Mais il ne suffit pas de vendre, encore faut-il que la marchandise soit payée à son juste prix. Alors même que la Sica débutait ses premières investigations auprès des clients potentiels – les transformateurs de l’alcool en éthanol – elle a souhaité rencontrer la Commission européenne. Pour au moins deux raisons. La première raison consistait à acquérir des références de prix. Car jusqu’alors les seules références en la matière étaient détenues par la Commission de Bruxelles en tant qu’administrateur du marché européen des alcools viniques. La seconde raison visait à s’assurer que l’UE n’allait pas se livrer à une opération de dumping – en clair casser les prix de l’alcool vinique – pour se débarrasser au plus vite des stocks restant encore en sa possession. De leur visite à Bruxelles, les représentants de la Sica Raisinor France revinrent rassurés, avec l’impression d’avoir été compris des fonctionnaires européens. Aujourd’hui, le prix de l’alcool vinique livré aux opérateurs par les distilleries oscille, en Europe, entre 41,50 € l’hl AP et 43 €. La Sica n’en dira pas plus sur son « vrai » prix, préférant s’en tenir à une fourchette de marché. A ce niveau de prix, la Sica Raisinor rajoute 5 € par hl AP pour couvrir ses frais de logistique. Car, dès le départ, elle a préféré organiser elle-même le transport de la marchandise. C’est donc à ce tarif-là – prix négocié avec le client plus 5 € – que la Sica Raisinor vend ses alcools aux opérateurs de la biocabruration. Eux-mêmes commercialiseront l’alcool déshydraté aux compagnies pétrolières sur la base du cours mondial de l’éthanol. A titre indicatif, ce cours mondial ressort en ce moment à environ 500 € le m3 ou 50 € l’hl AP (cours mondial non officiel, donné par l’indice Platt’s).

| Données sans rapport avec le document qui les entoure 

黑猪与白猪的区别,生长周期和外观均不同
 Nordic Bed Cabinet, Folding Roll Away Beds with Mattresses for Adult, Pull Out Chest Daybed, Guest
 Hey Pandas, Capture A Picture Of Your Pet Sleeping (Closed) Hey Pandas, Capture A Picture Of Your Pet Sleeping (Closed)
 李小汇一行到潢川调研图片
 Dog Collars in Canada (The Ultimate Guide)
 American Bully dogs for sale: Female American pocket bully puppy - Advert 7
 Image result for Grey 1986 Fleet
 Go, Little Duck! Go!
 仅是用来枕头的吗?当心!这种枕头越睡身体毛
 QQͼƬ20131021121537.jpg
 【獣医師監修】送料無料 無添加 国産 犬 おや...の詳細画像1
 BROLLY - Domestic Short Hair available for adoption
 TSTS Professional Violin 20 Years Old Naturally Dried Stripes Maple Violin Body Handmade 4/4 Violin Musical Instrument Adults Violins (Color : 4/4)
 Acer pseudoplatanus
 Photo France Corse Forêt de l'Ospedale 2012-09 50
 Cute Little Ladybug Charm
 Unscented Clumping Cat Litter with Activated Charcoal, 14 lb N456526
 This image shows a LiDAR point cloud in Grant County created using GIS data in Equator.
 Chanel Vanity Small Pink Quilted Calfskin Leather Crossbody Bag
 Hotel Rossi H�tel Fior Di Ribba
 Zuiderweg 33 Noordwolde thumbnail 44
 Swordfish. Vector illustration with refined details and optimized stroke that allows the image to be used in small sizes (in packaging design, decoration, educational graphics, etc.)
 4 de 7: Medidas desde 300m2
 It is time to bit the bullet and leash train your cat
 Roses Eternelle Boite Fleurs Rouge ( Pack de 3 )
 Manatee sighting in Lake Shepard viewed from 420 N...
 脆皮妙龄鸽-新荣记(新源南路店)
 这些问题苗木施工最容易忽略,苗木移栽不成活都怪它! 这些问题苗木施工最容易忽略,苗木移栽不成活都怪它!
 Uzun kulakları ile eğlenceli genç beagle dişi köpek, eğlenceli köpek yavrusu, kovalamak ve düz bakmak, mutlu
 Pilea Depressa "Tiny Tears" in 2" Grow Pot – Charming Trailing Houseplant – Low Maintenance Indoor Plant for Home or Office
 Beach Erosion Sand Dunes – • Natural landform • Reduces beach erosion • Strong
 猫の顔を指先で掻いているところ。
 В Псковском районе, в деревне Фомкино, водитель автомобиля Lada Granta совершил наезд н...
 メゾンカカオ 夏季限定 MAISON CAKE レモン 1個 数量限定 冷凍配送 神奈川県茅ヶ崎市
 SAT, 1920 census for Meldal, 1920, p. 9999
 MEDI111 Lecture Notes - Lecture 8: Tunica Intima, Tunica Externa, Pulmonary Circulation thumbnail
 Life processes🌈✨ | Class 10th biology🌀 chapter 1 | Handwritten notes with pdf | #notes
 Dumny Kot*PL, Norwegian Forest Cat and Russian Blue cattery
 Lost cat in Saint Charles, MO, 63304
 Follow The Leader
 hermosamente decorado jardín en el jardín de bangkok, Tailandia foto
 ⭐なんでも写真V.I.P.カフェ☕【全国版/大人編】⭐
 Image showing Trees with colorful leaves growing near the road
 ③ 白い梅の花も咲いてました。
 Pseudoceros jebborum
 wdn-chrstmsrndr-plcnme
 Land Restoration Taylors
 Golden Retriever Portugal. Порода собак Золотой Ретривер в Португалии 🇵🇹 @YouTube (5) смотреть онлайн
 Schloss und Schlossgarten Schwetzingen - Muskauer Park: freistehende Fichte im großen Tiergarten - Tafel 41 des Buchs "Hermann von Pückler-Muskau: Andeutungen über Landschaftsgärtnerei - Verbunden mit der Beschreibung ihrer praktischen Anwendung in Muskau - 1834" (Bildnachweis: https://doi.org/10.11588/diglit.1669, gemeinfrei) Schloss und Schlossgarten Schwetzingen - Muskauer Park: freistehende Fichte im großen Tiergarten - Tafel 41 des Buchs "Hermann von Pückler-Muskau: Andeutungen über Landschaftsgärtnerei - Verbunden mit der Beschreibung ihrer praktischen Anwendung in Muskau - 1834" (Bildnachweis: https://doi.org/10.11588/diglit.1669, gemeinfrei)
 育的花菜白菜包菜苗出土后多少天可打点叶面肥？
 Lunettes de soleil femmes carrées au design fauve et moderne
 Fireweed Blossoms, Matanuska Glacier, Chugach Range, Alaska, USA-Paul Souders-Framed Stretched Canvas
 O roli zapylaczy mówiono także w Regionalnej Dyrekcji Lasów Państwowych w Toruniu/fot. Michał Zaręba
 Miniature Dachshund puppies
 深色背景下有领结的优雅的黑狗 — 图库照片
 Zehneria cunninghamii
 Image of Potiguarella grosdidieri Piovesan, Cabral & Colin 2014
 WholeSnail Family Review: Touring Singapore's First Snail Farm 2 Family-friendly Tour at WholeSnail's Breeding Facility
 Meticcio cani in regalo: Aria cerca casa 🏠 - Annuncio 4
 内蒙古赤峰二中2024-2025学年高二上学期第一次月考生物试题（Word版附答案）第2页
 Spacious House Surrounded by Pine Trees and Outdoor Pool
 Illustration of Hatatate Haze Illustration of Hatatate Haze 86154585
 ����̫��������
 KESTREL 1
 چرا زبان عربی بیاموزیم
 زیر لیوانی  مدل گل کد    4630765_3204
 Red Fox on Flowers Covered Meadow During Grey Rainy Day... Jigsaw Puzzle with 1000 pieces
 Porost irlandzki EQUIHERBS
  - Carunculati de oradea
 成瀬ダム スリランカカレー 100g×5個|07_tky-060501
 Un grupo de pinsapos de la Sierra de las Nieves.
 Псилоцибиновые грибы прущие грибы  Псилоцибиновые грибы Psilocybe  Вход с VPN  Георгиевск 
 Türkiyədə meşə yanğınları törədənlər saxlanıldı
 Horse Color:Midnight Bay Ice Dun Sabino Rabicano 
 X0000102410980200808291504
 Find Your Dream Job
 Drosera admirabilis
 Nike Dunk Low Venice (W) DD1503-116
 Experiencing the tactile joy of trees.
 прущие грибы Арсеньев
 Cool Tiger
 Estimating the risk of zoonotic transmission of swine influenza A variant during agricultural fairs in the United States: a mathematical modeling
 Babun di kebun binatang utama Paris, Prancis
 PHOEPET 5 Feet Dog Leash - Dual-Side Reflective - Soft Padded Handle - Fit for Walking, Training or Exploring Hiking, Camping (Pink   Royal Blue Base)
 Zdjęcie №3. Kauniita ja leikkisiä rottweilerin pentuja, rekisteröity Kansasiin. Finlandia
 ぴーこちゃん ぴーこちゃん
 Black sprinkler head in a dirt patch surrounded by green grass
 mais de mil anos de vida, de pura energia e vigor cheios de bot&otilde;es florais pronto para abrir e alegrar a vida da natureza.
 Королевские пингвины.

Comment fonctionne la relation commerciale entre la Sica Raisinor France et ses distilleries actionnaires ? La Sica se comporte en tout point comme une coopérative. Durant la campagne, elle va verser à ses adhérents un prix fixe, légèrement en deça du prix de marché. En fin de campagne, une fois le bilan tiré, les résultats seront répartis aux actionnaires, en sachant que la vocation de la coopérative est de réaliser un résultat égal à zéro.

Dans d’autres pays viticoles européens comme l’Espagne ou le Portugal, les distilleries vinicoles n’ont pas forcément anticipé le nouveau contexte. Surtout elles n’ont pas pu ou su s’entendre pour davantage exister devant leurs acheteurs. Début décembre 2008, la Sica Raisinor France est allée à leur rencontre. Les premiers retours s’avèrent très positifs. Les distilleries ibériques s’avouent très séduites par l’action de Raisinor France et notamment par l’état d’esprit qui anime la structure, celle d’une coopérative. A tel point que, de part et d’autres des Pyrénées, les représentants des distilleries sont en train d’étudier si, finalement, Raisinor France ne pourrait pas devenir une entité européenne dans les mois qui viennent. Pour Jérôme Budua, cette dimension européenne paraît consubstantielle de l’activité amont de l’alcool. Les dirigeants de Raisinor France n’excluent pas de visiter leurs homologues italiens même si, en Italie, les distilleries correspondent souvent à de grosses unités, capables de négocier elles-mêmes leurs alcools.

Si les distilleries françaises et ibériques additionnaient leurs forces, elles représenteraient environ 8 % de l’alcool livré à la bio-carburation. Un volume certes encore modeste mais qui commencerait à peser dans la balance.